When I first moved to New York City years ago I met my best friend, who is Mexican and shares my same love for Juan Gabriel. We were beginning our careers then and some of my favorite Sunday memories include blasting JuanGa on Pandora and drinking cheap sangría in his 5th-floor walkup. Honestly, no five-star brunch tops that.
"His voice will forever remain a part of my life and memories of my mom, my uncles, the scent of floor cleaner and my friends. "
On Facebook I asked my friends how they were feeling. In Minneapolis, Melissa Colorado says, “There's no humming to a Juan Gabriel song. You just got to BELT it out," she says. "He was a piece of my childhood because my parents, especially my mom, would blast him all the time in the house. What a legend.”
In Boston, my friend Alma Bocaletti says, “a piece of my childhood is gone.”
Growing up, my friends and I complained about the music our parents blasted at home.
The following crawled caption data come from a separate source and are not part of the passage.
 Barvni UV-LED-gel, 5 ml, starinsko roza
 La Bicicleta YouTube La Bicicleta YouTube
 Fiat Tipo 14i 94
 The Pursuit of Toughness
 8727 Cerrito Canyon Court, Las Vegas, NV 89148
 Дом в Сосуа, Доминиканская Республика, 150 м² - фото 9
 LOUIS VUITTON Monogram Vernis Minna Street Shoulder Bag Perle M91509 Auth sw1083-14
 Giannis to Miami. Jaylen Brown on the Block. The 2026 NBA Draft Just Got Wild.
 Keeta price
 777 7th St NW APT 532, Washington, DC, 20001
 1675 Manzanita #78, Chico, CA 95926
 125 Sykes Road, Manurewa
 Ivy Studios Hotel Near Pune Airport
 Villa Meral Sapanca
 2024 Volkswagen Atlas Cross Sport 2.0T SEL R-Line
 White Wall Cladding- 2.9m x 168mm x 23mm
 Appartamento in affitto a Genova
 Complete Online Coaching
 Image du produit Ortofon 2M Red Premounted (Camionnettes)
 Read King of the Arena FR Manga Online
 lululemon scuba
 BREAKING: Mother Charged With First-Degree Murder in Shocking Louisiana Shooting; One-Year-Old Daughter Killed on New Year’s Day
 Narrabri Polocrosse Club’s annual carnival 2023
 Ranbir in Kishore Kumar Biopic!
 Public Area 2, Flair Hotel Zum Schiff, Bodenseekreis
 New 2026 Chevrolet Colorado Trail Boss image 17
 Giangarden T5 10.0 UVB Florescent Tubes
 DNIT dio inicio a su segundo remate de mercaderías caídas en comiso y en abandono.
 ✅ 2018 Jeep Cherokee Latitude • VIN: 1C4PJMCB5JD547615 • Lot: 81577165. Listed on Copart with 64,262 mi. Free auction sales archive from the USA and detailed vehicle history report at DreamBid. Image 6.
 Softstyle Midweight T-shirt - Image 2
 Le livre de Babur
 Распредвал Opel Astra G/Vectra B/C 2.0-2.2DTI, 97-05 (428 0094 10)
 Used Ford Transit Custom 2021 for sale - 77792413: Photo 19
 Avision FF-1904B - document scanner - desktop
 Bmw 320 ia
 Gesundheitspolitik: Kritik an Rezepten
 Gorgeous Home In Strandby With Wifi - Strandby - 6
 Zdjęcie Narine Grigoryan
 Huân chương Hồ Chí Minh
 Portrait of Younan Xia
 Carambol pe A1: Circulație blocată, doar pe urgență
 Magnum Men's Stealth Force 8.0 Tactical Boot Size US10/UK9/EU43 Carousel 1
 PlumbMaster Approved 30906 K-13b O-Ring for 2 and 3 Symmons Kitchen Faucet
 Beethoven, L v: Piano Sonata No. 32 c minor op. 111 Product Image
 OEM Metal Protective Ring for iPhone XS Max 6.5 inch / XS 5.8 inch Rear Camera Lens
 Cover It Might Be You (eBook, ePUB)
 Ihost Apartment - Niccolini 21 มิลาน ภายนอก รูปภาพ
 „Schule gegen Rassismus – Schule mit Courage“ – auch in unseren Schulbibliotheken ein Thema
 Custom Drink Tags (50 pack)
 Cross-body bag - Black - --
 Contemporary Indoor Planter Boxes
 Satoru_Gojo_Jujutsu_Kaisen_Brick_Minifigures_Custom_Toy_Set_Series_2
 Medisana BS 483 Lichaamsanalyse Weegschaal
At the time we didn’t realize how that music molds our memories. It gives a setting, a feeling, a mood that eventually morphs into nostalgia as you get older.
Today that nostalgia is mixed with grief. Juan Gabriel’s songs are a piece of the bicultural bridge I walk every day. His voice will forever remain a part of my life, including the memories of my mom, my uncles, the scent of the floor cleaner and my friends. His songs helped carve all that into my heart.
Thank you, Juan Gabriel for sharing your pain and happiness with us. As you would say, Adíos Amor.